Overview

Exenatide Once Weekly Over 2 Years as a Potential Disease Modifying Treatment for Parkinson's Disease

Status:
Recruiting
Trial end date:
2024-04-30
Target enrollment:
0
Participant gender:
All
Summary
This study is a clinical trial in patients with Parkinson's disease (PD), of a drug called exenatide, which is already licensed for the treatment of patients with type 2 diabetes. There have been several groups that have confirmed that exenatide has beneficial effects of nerve cells when tested in the laboratory, which raises the possibility that exenatide may slow down or stop the degeneration of PD. In an open label trial in patients with PD who self administered the drug for a period of 48 weeks, the investigators have previously shown that the drug is well tolerated and shows encouraging effects on the movement and non-movement aspects of the disease. A double blind placebo controlled trial involving 60 participants was then conducted which indicated that exenatide may be a "neuroprotective" drug, i.e. one that stops the nerve cells dying in PD. The next step is therefore to confirm this "neuroprotective" effect and to see whether this effect can be reproduced in a multi-centre setting including a larger number of participants. An important objective is to explore whether any positive effects remain static or increase when the treatment is continued over a 96 week period.
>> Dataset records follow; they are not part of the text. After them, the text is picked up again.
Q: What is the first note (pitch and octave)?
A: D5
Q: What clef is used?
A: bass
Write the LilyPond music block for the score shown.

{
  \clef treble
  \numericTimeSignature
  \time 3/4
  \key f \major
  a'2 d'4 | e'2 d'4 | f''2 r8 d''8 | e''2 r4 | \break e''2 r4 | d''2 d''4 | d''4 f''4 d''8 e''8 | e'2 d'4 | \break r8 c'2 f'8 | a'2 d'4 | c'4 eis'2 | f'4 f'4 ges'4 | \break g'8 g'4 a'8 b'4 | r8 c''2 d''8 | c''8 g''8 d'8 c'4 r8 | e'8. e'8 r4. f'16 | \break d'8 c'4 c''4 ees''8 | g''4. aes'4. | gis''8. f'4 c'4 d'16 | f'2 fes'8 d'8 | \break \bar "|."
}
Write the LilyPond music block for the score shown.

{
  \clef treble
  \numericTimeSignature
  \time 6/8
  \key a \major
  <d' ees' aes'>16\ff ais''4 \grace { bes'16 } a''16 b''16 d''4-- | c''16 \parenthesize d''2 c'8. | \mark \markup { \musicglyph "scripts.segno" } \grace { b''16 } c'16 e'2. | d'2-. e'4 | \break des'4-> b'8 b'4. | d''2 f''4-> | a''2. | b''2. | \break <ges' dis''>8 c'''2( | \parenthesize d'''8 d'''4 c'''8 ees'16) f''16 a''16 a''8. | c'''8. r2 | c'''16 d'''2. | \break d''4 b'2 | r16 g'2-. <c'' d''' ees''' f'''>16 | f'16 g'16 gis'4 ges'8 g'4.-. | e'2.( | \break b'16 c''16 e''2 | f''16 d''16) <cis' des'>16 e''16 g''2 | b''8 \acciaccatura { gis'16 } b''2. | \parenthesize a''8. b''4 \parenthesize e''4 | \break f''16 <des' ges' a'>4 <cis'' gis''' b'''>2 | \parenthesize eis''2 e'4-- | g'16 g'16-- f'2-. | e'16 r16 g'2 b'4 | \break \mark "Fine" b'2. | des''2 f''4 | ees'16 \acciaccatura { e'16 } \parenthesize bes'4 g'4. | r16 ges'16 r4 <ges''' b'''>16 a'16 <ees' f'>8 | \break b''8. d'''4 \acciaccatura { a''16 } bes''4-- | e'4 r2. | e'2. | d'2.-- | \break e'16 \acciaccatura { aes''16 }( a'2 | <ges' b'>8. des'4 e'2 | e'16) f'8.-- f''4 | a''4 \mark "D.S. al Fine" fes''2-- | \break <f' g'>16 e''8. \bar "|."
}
In order to explore this, a randomised, double blind, parallel group, placebo controlled, Phase 3 trial of Exenatide is being undertaken (Exenatide-PD3).
Phase:
Phase 3
Accepts Healthy Volunteers?
No
Details
Lead Sponsor:
University College, London
Treatments:
Exenatide
Criteria
Inclusion Criteria:

1. Diagnosis of Parkinson's disease.

2. Hoehn and Yahr stage ≤2.5 in the ON medication state.

3. Between 25 and 80 years of age.

4. On dopaminergic treatment for at least 4 weeks before enrolment.

5. Ability to self-administer, or to arrange carer administration of trial medication.

6. Documented informed consent to participate.

Exclusion Criteria:

1. Diagnosis or suspicion of other cause for Parkinsonism.

2. Patients unable to attend the clinic visits in the practically defined OFF medication
state.

3. Body mass index <18.5.

4. Known abnormality on CT or MRI brain imaging considered likely to compromise
compliance with trial protocol.

5. Significant cognitive impairment defined by a score <21 on the Montreal Cognitive
Assessment.

6. Concurrent severe depression defined by a score ≥16 on the Patient Health
Questionnaire (PHQ-9).

7. Prior intra-cerebral surgical intervention for Parkinson's disease.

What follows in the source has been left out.